> **What needs to be done**
Copy each line below as written, but skip the pictures.

> **Task material**

● ● ● ●

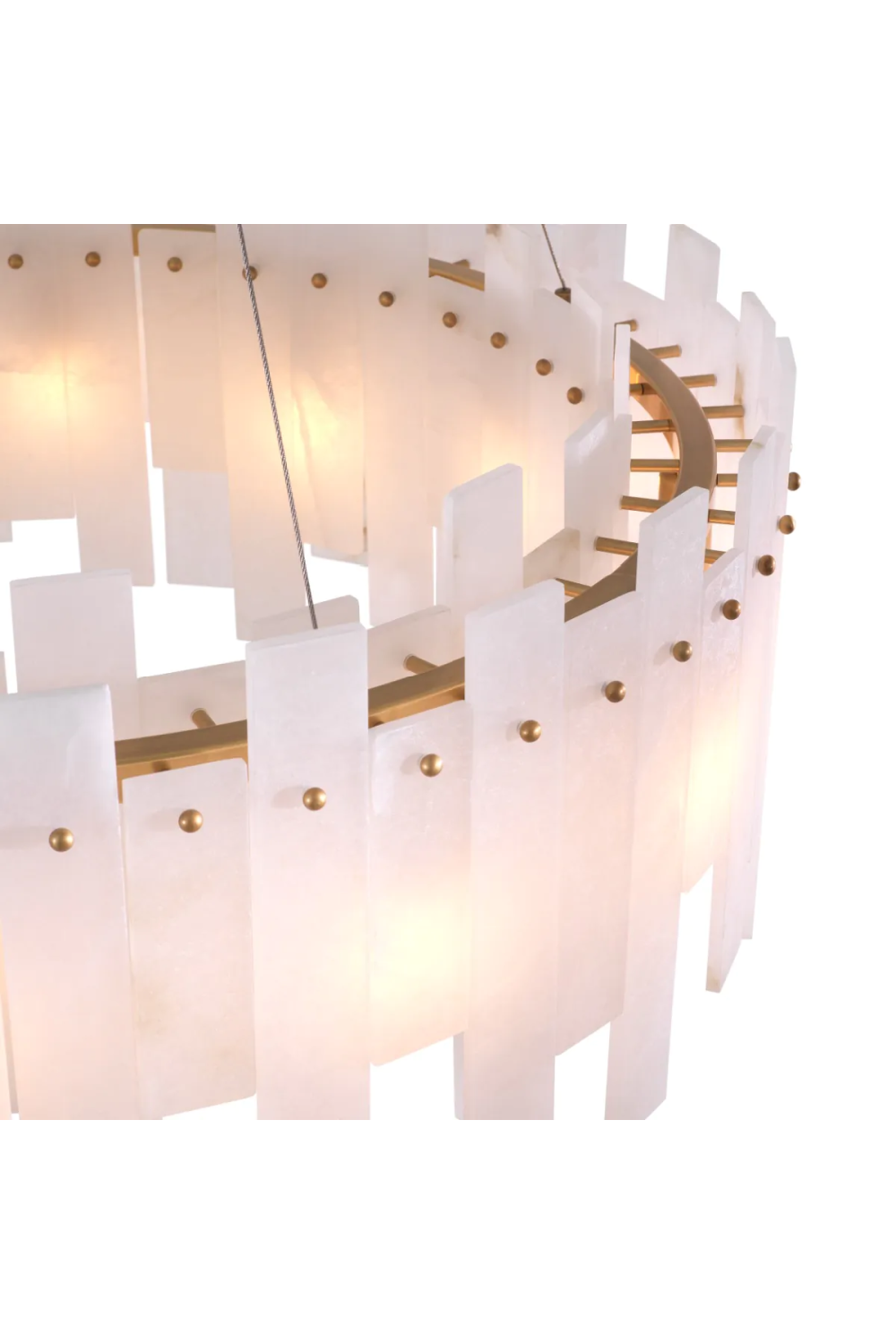 Alabaster Modern Chandelier | Eichholtz Pizzorni | Oroa.com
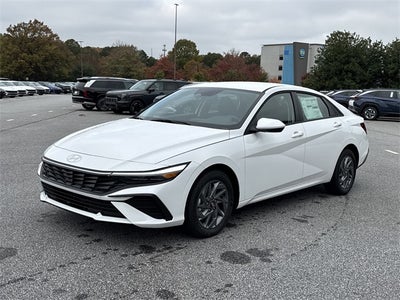 2026 Hyundai Elantra Hybrid Blue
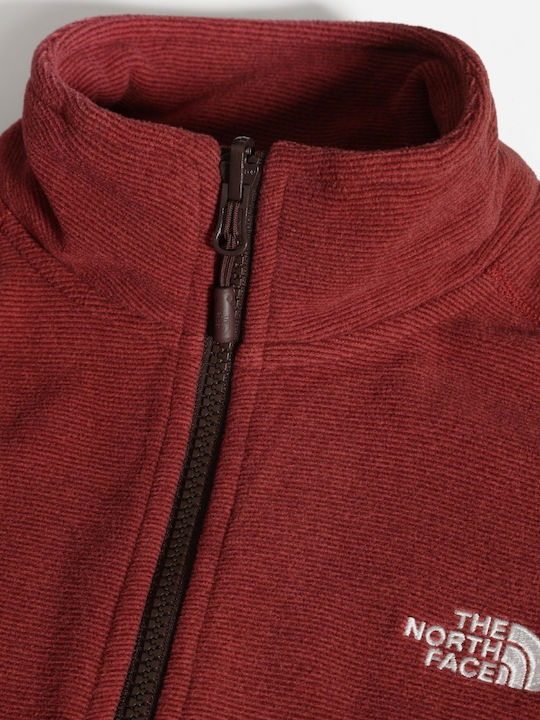 100 Glacier Women's Sweatshirt Jacket Burgundy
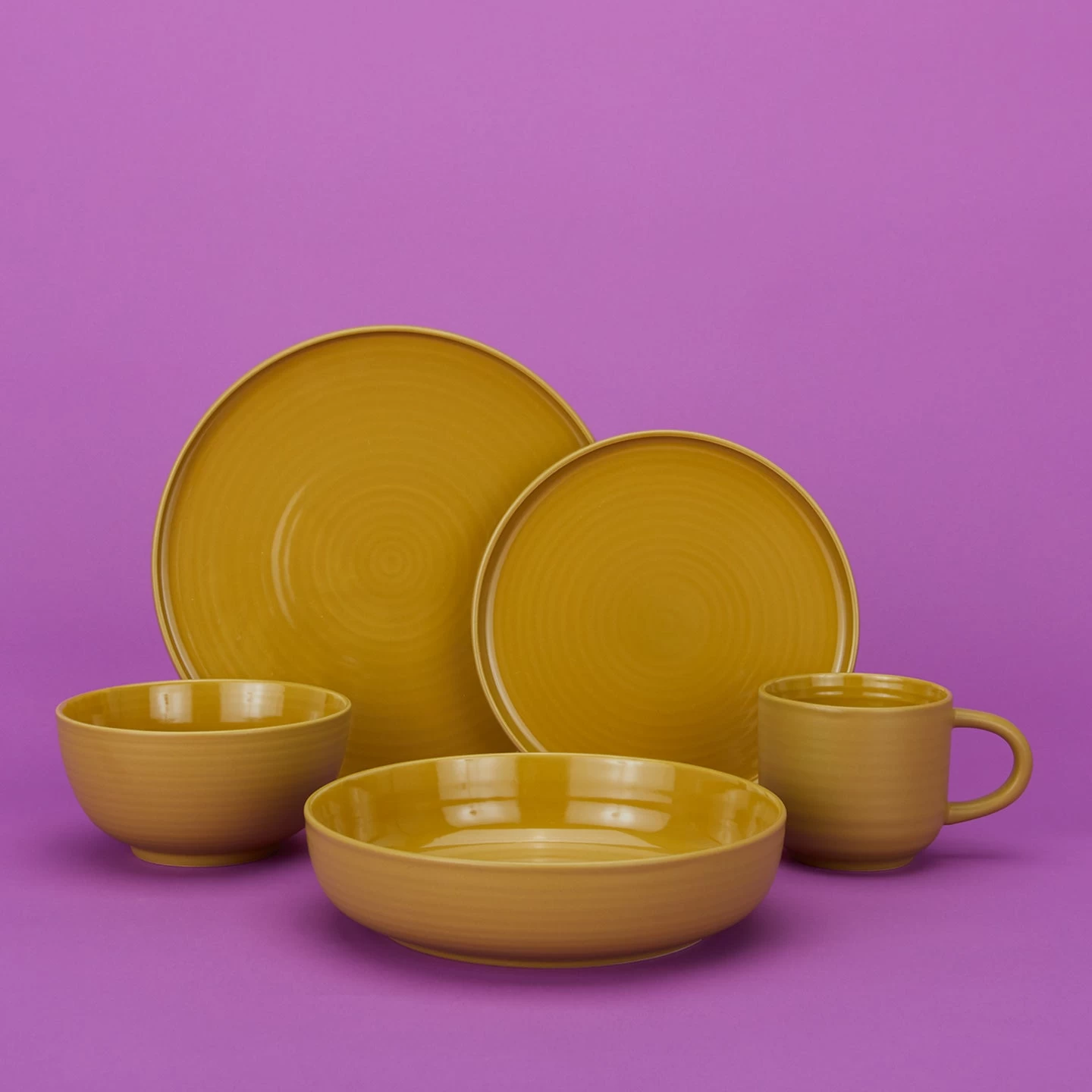 Essential Large Bowl, Set Of 4 - Mustard - Image 4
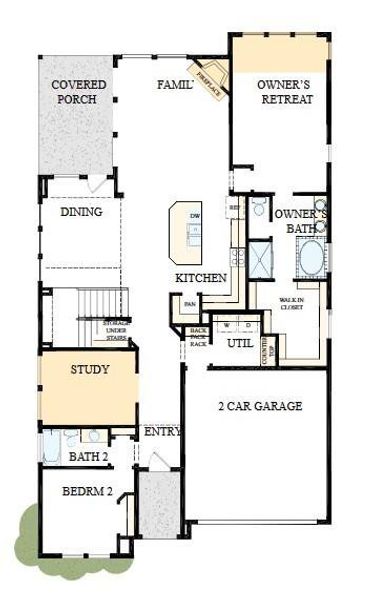 The success of a floor plan is the way you can move through it…You’ll be amazed at how well this home lives…We call it traffic patterns.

● ● ● ●

> **Response**
 Alabaster Modern Chandelier | Eichholtz Pizzorni | Oroa.com
 2026 Hyundai Elantra Hybrid Blue
 100 Glacier Women's Sweatshirt Jacket Burgundy
 Essential Large Bowl, Set Of 4 - Mustard - Image 4
 The success of a floor plan is the way you can move through it…You’ll be amazed at how well this home lives…We call it traffic patterns.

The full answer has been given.